A BART spokesman said Thursday that management is putting a new comprehensive proposal on the bargaining table in hopes of reaching an agreement with the transit agency's labor unions before their contracts expire Sunday night.
The announcement comes two days after members of the two largest BART unions voted to authorize a strike. Other Bay Area transit agencies are preparing contingency plans for a possible BART strike, which could happen as soon as Monday.
BART spokesman Rick Rice said management's proposal is "closer" to the unions' positions on the key issues regarding pensions, health benefits and salaries, and also tries to address the unions' safety concerns.
But in a bad sign for negotiations -- which were set to resume at 11 a.m. Thursday -- Leo Ruiz, a spokesman for Amalgamated Transit Union Local 1555, which represents 945 station agents, train operators and foreworkers, accused management of bargaining in bad faith by presenting their proposal to the news media before giving it to the unions.
"We know nothing about this," Ruiz told reporters outside the room at BART headquarters in Oakland where Rice and other BART representatives held a news conference.
Ruiz said, "They should bring this proposal to us first."
He said the unions made a proposal to management on Wednesday "but they turned it down and didn't say why."
Ruiz accused BART negotiators of "dragging their feet since April 1," when contract talks began.
BART management has said the labor unions are seeking a 23 percent salary increase over three years but Ruiz said the unions' opening offer was for a smaller increase of 5 percent a year plus cost-of-living increases.
The other union involved in contract negotiations is Service Employees International Union Local 1221, which represents 1,430 mechanics, custodians and clerical workers.
The two unions announced on Wednesday that their members have voted nearly unanimously to authorize a strike.
But the unions have said that they're still trying to reach an agreement so a strike can be avoided.
Rice echoed that sentiment today, saying, "We're really trying to keep the trains running. We believe there's a deal to be had."
He said talks were scheduled to run from 11 a.m. to 5 p.m. Thursday and then from 7 p.m. until late into the night. Negotiations will then resume at 11 a.m. Friday and will go all weekend if necessary, he said.
Rice said BART has asked Gov.

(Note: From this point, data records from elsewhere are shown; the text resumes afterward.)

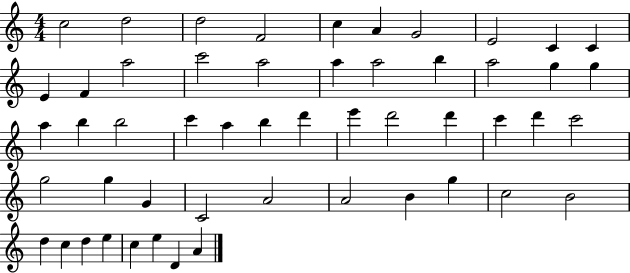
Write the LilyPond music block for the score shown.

{
  \clef treble
  \numericTimeSignature
  \time 4/4
  \key c \major
  c''2 d''2 | d''2 f'2 | c''4 a'4 g'2 | e'2 c'4 c'4 | \break e'4 f'4 a''2 | c'''2 a''2 | a''4 a''2 b''4 | a''2 g''4 g''4 | \break a''4 b''4 b''2 | c'''4 a''4 b''4 d'''4 | e'''4 d'''2 d'''4 | c'''4 d'''4 c'''2 | \break g''2 g''4 g'4 | c'2 a'2 | a'2 b'4 g''4 | c''2 b'2 | \break d''4 c''4 d''4 e''4 | c''4 e''4 d'4 a'4 | \bar "|."
}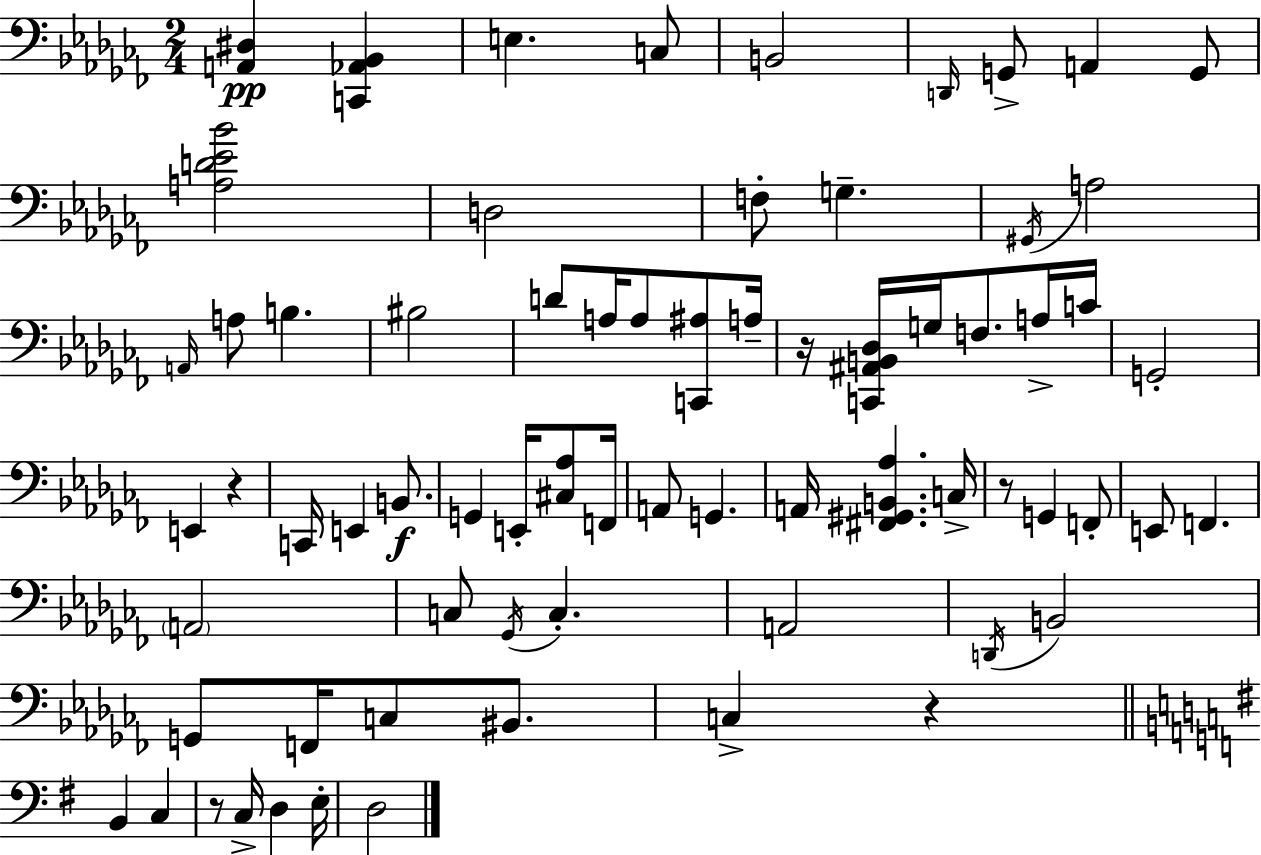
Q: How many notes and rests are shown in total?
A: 70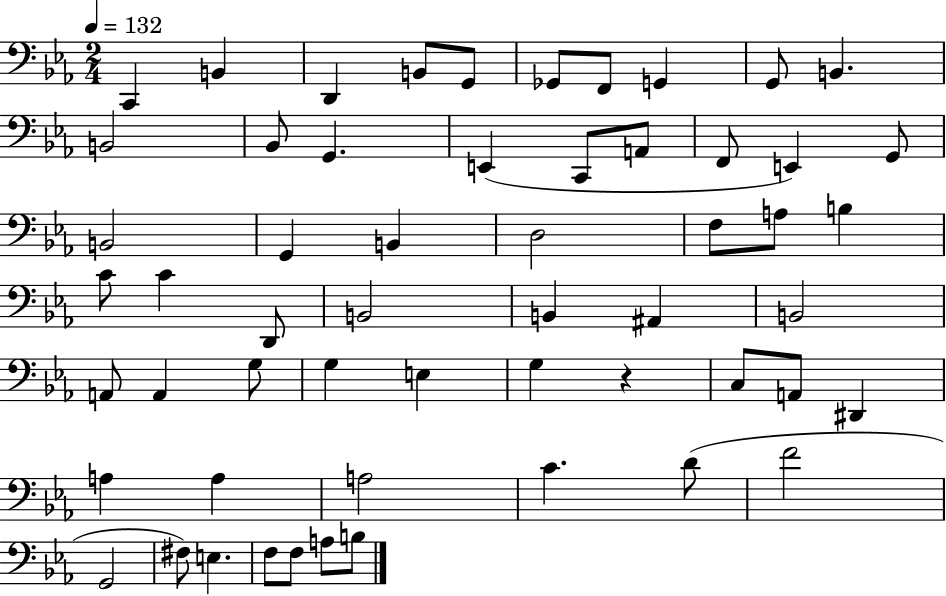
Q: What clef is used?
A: bass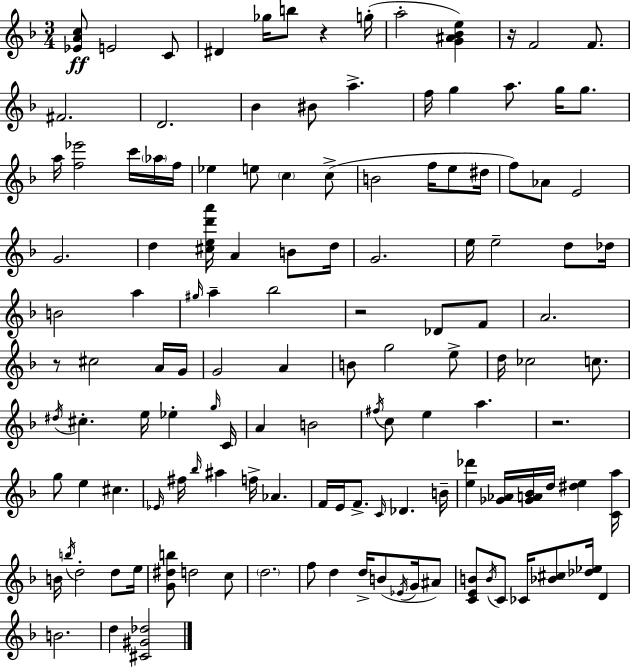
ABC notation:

X:1
T:Untitled
M:3/4
L:1/4
K:F
[_EAc]/2 E2 C/2 ^D _g/4 b/2 z g/4 a2 [G^A_Be] z/4 F2 F/2 ^F2 D2 _B ^B/2 a f/4 g a/2 g/4 g/2 a/4 [f_e']2 c'/4 _a/4 f/4 _e e/2 c c/2 B2 f/4 e/2 ^d/4 f/2 _A/2 E2 G2 d [^ced'a']/4 A B/2 d/4 G2 e/4 e2 d/2 _d/4 B2 a ^g/4 a _b2 z2 _D/2 F/2 A2 z/2 ^c2 A/4 G/4 G2 A B/2 g2 e/2 d/4 _c2 c/2 ^d/4 ^c e/4 _e g/4 C/4 A B2 ^f/4 c/2 e a z2 g/2 e ^c _E/4 ^f/4 _b/4 ^a f/4 _A F/4 E/4 F/2 C/4 _D B/4 [e_d'] [_G_A]/4 [_GA_B]/4 d/4 [^de] [Ca]/4 B/4 b/4 d2 d/2 e/4 [G^db]/2 d2 c/2 d2 f/2 d d/4 B/2 _E/4 G/4 ^A/2 [CEB]/2 B/4 C/2 _C/4 [_B^c]/2 [_d_e]/4 D B2 d [^C^G_d]2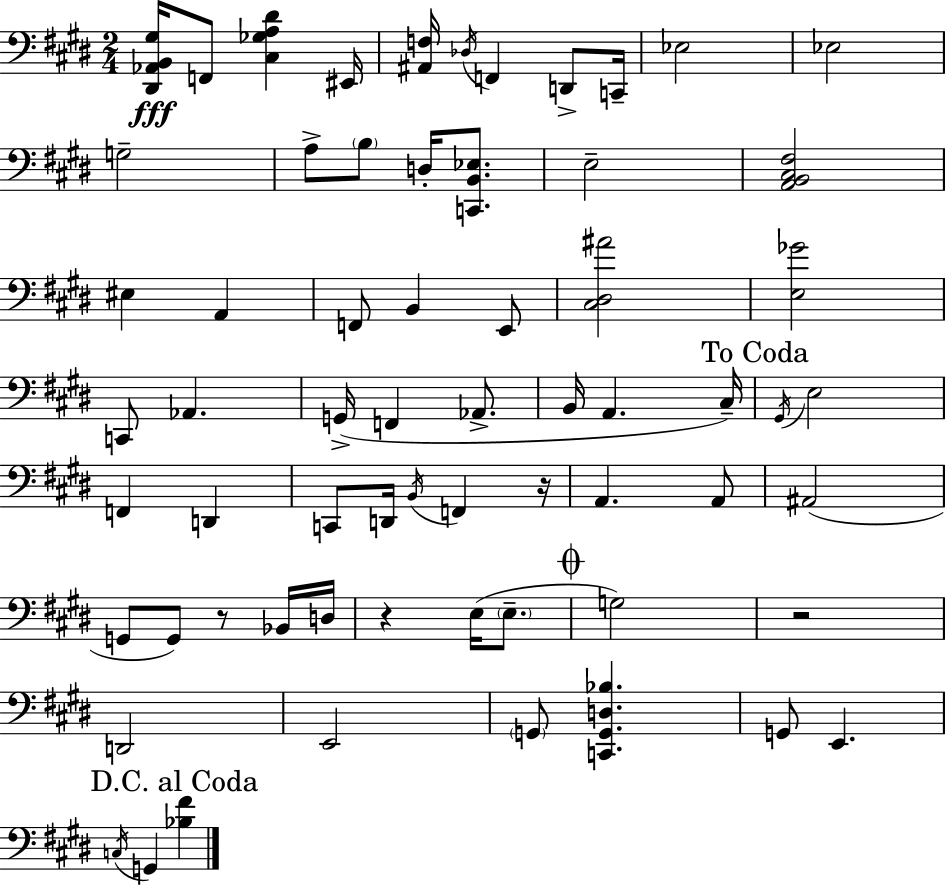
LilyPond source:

{
  \clef bass
  \numericTimeSignature
  \time 2/4
  \key e \major
  \repeat volta 2 { <dis, aes, b, gis>16\fff f,8 <cis ges a dis'>4 eis,16 | <ais, f>16 \acciaccatura { des16 } f,4 d,8-> | c,16-- ees2 | ees2 | \break g2-- | a8-> \parenthesize b8 d16-. <c, b, ees>8. | e2-- | <a, b, cis fis>2 | \break eis4 a,4 | f,8 b,4 e,8 | <cis dis ais'>2 | <e ges'>2 | \break c,8 aes,4. | g,16->( f,4 aes,8.-> | b,16 a,4. | cis16--) \mark "To Coda" \acciaccatura { gis,16 } e2 | \break f,4 d,4 | c,8 d,16 \acciaccatura { b,16 } f,4 | r16 a,4. | a,8 ais,2( | \break g,8 g,8) r8 | bes,16 d16 r4 e16( | \parenthesize e8.-- \mark \markup { \musicglyph "scripts.coda" } g2) | r2 | \break d,2 | e,2 | \parenthesize g,8 <c, g, d bes>4. | g,8 e,4. | \break \mark "D.C. al Coda" \acciaccatura { c16 } g,4 | <bes fis'>4 } \bar "|."
}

Jerry Brown not to order a 60-day cooling off period that would delay a strike if an agreement isn't reached by Sunday.
The last time BART employees staged a strike was in September 1997. The walkout lasted six days before a settlement was finally reached.
Rice said the labor unions have promised in the past to give at least 72 hours' notice before going on strike but there's no guarantee they will give that much notice this time.